Insofar as indemnification for liability arising under the Securities Act
of 1933 may be permitted to the Trustees, officers, and controlling persons of
the Fund pursuant to the provisions described under this Item 27, or otherwise,
the Fund has been advised that, in the opinion of the SEC, such indemnification
is against public policy as expressed in the Act and is, therefore,
unenforceable.

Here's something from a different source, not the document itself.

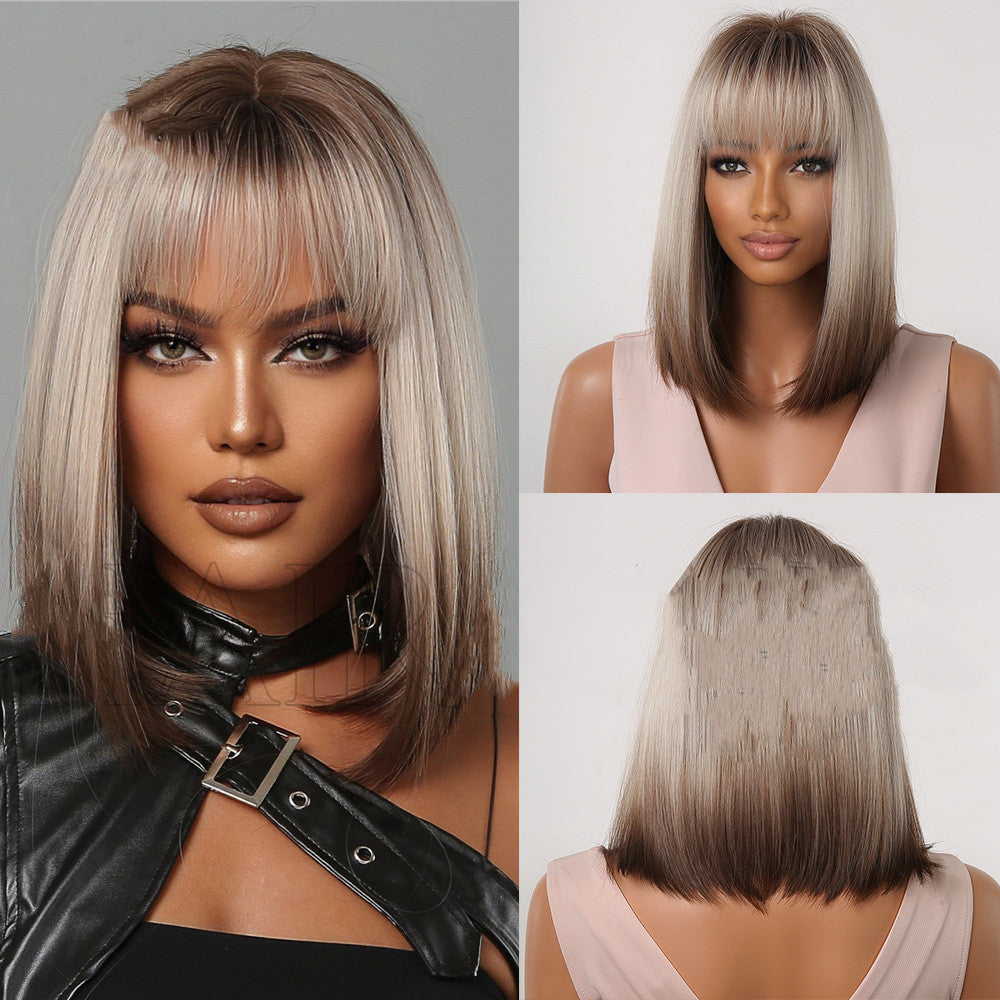 European-style Bangs Gradient Brown Shoulder-length Straight Hair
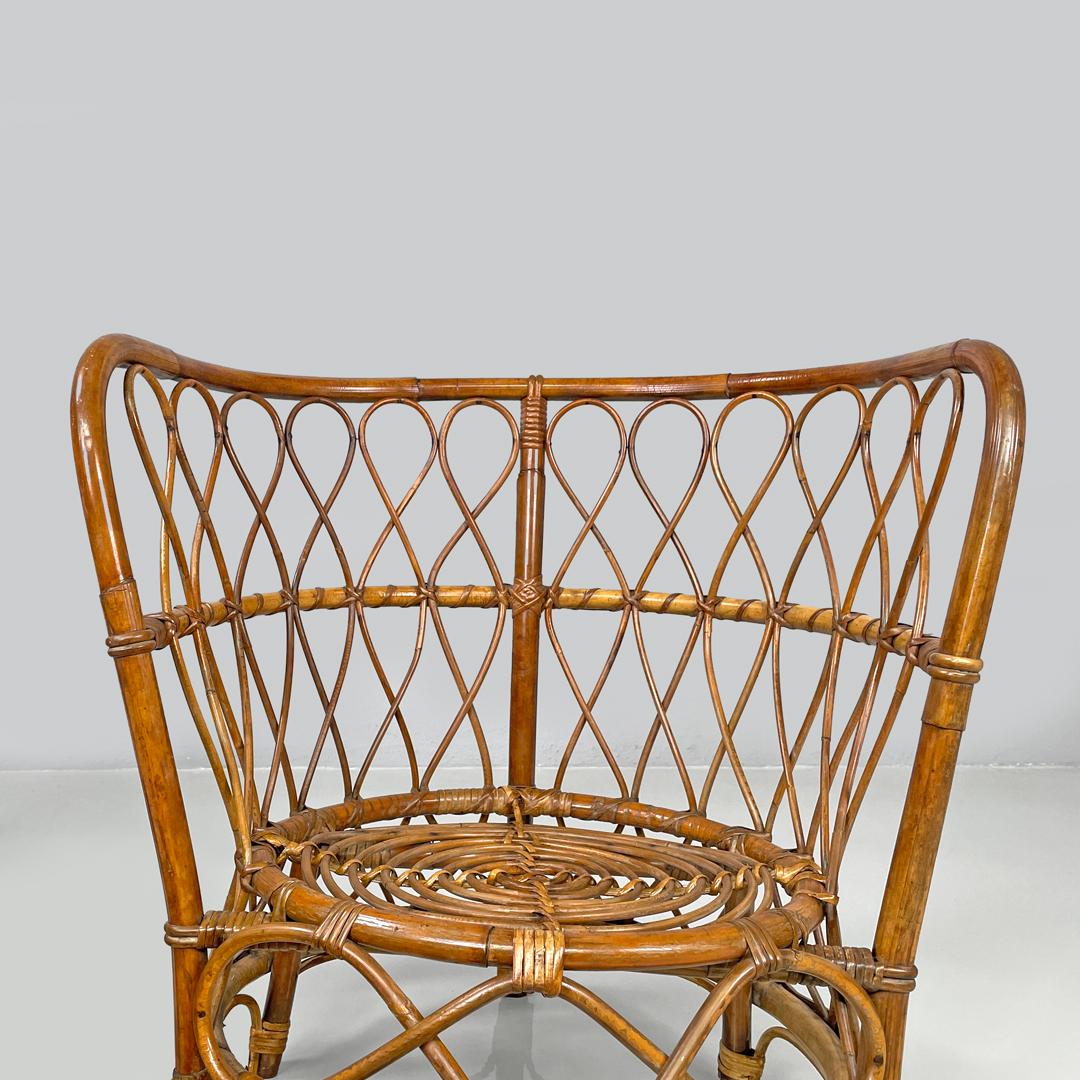 Fauteuils de cockpit modernes italiens en rotin avec décorations, 1970 en vente 2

In the event that a claim for indemnification against such
liabilities (other than the payment by the Fund of expenses incurred or paid by
a Trustee, officer, or controlling person of the Fund in the successful defense
of any action, suit, or proceeding) is asserted by such Trustee, officer, or
controlling person in connection with the securities being registered, the Fund
will, unless in the opinion of its counsel the matter has been settled by
controlling precedent, submit to a court of appropriate jurisdiction the
question of whether such indemnification by it is against public policy as
expressed in the Act and will be governed by the final adjudication of such
issue.
The Fund may purchase and maintain insurance on behalf of an officer,
Trustee, employee, or agent protecting such person, to the full extent permitted
by applicable law, from liability incurred by such person as officer, Trustee,
employee, or agent of the Fund or arising from his activities in such capacity.
This Agreement may be amended from time to time by written agreement signed
by all of the parties; provided, that such amendment shall be approved both by
the vote of a majority of Trustees of the Fund, including a majority of Trustees
who are not interested persons of the Trustee to this Agreement (other than as
Trustees of the Fund) cast in person at a meeting called for that purpose, and
by the holders of a majority (as defined in the Act) of the outstanding voting
securities of the Fund to which this Agreement is applicable.
This Agreement may be amended by agreement of the parties without the vote
or consent of the shareholders of the Fund to supply any omission, to cure,
correct, or supplement any ambiguous, defective, or inconsistent provision
hereof, or if they deem it necessary to conform this Agreement to the
requirements of applicable federal and/or state laws or regulations, but neither
the Fund nor the Trustee shall be liable for failing to do so.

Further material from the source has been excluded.